President Obama will award the Medal of Honor to 24 American troops, most of whom had been overlooked because of anti-Jewish or anti-Hispanic prejudice.
The White House said in a statement issued on Friday that the medals to be awarded March 18 are the result of a review mandated by a law passed in 2002 by Congress based on reports that some troops had been denied the nation’s highest military honor because of prejudice.
In the course of the review, the statement said, it was found that several soldiers not of Jewish or Hispanic descent also had been denied the medal, and that they too would be honored.
Three soldiers will receive the award in person; the remainder will be awarded posthumously to men who fought in the Vietnam and Korean wars and in World War II.
The White House did not identify which of the awardees were Jewish or Hispanic or neither.
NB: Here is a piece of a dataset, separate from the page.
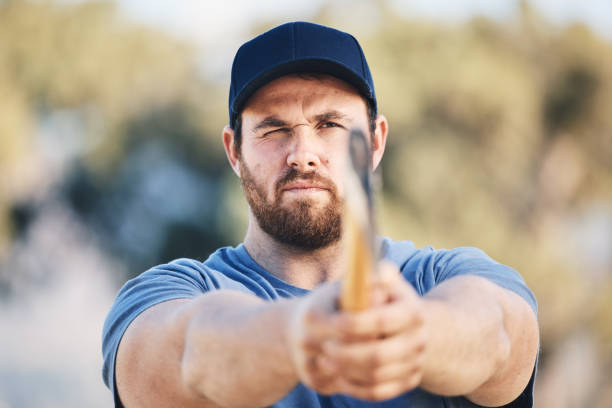 istock Target, focus and axe throwing with man in nature and aim for sports, training and tomahawk skills.  Exercise, goal and hunting with athlete and hatchet in range for bullseye, ready and competition 1513104786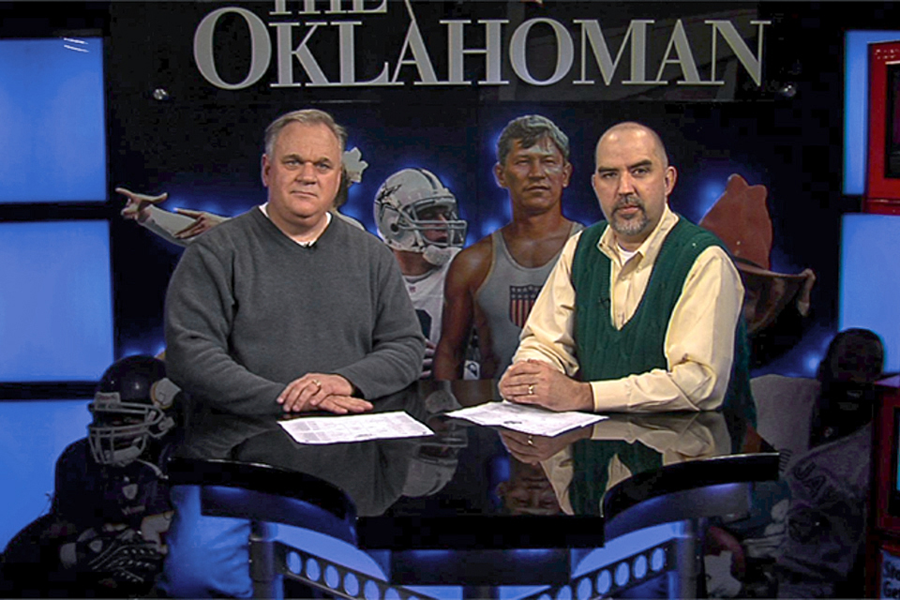 Sports writers, John Rohde and Mike Sherman.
Two Florida lawmakers, Rep. Ted Deutch (D-Fla.), and Sen. Bill Nelson (D-Fla.) noted in separate statements that one of the awardees is Pvt. 1st Class Leonard Kravitz who died fending off Communist forces on March 6 and 7, 1951 near Yangpyong in Korea. He faced an ambush with a machine gun so his fellow troops could evacuate.
Mitchel Libman, a resident of Hollywood Fla., and a childhood friend of Kravitz’s had championed his cause. Kravitz is the namesake of his nephew, the musician Lenny Kravitz.